> _Assignment_:
The required output is the exact run of lines below that opens at the line with "Recuerda que en la página 20 delTexto" and closes at the line with "extraterritoriales".
━━━━━ Supplied material
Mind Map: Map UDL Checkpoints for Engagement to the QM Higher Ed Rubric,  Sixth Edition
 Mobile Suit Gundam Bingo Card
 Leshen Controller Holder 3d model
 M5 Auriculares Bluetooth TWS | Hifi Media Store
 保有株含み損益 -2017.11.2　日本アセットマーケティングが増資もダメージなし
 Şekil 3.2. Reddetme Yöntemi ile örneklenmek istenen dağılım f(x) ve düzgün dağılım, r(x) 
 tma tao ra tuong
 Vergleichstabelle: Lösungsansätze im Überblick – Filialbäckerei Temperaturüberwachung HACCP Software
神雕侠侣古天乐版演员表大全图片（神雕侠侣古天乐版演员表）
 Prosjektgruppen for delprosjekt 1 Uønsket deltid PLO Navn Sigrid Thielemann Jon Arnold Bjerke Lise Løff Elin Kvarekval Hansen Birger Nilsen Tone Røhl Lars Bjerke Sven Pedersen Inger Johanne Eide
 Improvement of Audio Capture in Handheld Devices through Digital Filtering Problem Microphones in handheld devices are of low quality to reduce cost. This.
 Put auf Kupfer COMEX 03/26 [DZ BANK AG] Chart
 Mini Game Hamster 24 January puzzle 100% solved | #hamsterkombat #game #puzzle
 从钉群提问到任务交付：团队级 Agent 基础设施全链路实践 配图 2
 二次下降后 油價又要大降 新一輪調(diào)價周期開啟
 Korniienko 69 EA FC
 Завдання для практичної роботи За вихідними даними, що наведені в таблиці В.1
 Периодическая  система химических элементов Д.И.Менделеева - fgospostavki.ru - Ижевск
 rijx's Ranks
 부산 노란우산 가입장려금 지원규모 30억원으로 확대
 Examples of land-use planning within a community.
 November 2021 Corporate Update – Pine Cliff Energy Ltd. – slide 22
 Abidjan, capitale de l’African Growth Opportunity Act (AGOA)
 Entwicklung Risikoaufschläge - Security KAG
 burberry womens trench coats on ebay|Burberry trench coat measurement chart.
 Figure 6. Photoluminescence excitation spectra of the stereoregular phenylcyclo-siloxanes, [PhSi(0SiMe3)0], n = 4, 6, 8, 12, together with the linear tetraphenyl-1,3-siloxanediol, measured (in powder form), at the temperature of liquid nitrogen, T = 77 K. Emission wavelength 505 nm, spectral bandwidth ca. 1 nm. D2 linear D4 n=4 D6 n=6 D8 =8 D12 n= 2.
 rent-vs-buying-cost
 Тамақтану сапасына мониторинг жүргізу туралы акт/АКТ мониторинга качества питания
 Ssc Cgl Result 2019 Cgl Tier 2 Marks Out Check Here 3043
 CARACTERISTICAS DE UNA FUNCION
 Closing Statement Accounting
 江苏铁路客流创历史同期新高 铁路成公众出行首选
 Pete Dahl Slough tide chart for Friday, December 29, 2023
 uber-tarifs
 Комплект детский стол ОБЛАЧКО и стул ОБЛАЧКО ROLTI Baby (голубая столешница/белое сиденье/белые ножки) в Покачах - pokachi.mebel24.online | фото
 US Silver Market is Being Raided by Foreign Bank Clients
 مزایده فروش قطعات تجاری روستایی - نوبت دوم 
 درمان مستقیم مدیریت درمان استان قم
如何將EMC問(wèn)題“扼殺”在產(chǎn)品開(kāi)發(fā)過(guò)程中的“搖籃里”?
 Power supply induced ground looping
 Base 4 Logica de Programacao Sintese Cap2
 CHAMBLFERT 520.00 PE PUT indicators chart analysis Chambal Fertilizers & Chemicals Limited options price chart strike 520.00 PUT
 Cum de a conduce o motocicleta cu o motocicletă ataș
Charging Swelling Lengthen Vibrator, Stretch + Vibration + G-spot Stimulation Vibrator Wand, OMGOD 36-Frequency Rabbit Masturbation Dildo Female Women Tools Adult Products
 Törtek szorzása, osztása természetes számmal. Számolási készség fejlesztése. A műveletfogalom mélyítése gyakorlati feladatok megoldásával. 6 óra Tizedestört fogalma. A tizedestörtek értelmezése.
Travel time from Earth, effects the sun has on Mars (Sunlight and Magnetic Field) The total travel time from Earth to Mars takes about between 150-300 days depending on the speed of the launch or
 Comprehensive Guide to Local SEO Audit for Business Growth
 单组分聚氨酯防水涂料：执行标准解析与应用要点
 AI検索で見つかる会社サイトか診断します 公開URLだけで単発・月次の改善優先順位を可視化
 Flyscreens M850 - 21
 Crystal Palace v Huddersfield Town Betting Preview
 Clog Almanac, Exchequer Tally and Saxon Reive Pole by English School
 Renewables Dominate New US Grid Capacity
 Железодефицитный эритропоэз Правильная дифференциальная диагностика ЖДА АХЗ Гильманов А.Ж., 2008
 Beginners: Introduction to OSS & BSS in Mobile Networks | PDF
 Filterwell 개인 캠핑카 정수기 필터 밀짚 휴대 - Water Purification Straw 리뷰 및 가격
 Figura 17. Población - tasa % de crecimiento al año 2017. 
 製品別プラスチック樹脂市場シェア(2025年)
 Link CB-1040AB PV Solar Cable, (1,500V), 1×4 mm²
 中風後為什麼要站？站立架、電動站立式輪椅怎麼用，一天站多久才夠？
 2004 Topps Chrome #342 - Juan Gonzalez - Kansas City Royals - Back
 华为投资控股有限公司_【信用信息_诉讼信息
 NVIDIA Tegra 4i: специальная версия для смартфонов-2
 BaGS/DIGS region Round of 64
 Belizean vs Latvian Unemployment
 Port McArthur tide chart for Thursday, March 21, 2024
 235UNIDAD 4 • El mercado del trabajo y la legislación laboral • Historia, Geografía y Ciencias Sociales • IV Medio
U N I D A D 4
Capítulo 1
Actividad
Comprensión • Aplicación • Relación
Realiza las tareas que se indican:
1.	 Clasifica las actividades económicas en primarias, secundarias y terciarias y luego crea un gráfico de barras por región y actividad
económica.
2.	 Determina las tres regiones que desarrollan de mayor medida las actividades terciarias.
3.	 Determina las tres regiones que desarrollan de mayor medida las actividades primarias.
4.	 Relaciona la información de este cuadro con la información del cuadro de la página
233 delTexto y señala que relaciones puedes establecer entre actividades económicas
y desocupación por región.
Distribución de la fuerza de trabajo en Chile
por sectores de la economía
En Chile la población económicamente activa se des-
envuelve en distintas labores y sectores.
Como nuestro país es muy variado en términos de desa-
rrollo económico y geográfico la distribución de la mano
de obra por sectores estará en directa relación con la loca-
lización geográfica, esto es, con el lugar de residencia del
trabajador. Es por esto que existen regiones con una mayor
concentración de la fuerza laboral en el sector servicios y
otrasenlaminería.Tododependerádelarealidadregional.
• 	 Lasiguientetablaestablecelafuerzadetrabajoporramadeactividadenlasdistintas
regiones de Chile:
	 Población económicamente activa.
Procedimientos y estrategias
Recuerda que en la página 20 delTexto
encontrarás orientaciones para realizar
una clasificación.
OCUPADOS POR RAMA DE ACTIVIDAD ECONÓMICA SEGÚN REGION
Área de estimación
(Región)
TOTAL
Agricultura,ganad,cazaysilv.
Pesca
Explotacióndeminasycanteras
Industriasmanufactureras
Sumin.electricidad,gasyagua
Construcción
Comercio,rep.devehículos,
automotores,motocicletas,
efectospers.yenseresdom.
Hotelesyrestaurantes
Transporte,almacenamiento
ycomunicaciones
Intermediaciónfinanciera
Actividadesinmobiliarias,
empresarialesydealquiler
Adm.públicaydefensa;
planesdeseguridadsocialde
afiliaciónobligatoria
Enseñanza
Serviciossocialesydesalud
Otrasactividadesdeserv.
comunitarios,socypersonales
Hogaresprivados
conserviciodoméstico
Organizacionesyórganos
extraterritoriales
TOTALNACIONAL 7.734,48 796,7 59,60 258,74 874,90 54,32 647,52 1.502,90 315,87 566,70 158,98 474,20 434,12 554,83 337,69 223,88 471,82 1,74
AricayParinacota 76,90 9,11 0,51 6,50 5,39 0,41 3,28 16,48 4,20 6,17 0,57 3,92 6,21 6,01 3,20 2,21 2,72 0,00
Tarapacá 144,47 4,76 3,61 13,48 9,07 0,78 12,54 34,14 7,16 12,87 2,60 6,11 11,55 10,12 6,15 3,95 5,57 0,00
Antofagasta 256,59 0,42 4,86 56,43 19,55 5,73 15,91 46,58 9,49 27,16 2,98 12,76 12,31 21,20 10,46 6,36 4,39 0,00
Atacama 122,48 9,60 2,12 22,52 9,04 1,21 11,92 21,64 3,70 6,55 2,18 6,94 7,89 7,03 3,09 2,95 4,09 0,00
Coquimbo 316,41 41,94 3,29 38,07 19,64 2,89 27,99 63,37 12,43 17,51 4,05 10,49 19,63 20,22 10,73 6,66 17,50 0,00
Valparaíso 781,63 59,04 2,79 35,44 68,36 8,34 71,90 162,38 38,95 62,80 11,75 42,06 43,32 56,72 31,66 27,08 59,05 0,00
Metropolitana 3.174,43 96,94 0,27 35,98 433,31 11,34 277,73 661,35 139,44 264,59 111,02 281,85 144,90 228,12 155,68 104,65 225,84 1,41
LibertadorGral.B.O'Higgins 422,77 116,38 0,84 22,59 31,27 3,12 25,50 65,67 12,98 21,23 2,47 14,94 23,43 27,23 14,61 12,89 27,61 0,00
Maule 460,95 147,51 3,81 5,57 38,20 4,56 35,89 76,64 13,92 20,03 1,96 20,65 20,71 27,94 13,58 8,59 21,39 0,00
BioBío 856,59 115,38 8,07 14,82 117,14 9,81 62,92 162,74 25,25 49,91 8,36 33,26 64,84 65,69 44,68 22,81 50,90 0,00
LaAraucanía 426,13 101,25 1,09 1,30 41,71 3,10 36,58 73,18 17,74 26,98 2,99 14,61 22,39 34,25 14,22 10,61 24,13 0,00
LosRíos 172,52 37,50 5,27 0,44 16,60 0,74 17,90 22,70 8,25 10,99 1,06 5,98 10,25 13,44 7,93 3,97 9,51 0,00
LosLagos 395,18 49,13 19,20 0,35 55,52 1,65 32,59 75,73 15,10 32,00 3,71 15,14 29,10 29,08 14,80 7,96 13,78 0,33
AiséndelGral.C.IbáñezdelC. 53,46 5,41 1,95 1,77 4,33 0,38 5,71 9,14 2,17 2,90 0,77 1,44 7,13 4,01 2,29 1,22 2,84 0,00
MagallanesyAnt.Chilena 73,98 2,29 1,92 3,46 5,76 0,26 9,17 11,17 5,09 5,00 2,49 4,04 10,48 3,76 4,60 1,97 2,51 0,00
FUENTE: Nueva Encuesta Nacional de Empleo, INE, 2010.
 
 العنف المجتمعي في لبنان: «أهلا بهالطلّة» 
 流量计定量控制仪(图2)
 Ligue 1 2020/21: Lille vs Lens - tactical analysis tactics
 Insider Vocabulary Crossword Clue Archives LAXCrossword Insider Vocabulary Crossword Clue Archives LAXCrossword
━━━━━━━━━━
> _Answer_:
Recuerda que en la página 20 delTexto
encontrarás orientaciones para realizar
una clasificación.
OCUPADOS POR RAMA DE ACTIVIDAD ECONÓMICA SEGÚN REGION
Área de estimación
(Región)
TOTAL
Agricultura,ganad,cazaysilv.
Pesca
Explotacióndeminasycanteras
Industriasmanufactureras
Sumin.electricidad,gasyagua
Construcción
Comercio,rep.devehículos,
automotores,motocicletas,
efectospers.yenseresdom.
Hotelesyrestaurantes
Transporte,almacenamiento
ycomunicaciones
Intermediaciónfinanciera
Actividadesinmobiliarias,
empresarialesydealquiler
Adm.públicaydefensa;
planesdeseguridadsocialde
afiliaciónobligatoria
Enseñanza
Serviciossocialesydesalud
Otrasactividadesdeserv.
comunitarios,socypersonales
Hogaresprivados
conserviciodoméstico
Organizacionesyórganos
extraterritoriales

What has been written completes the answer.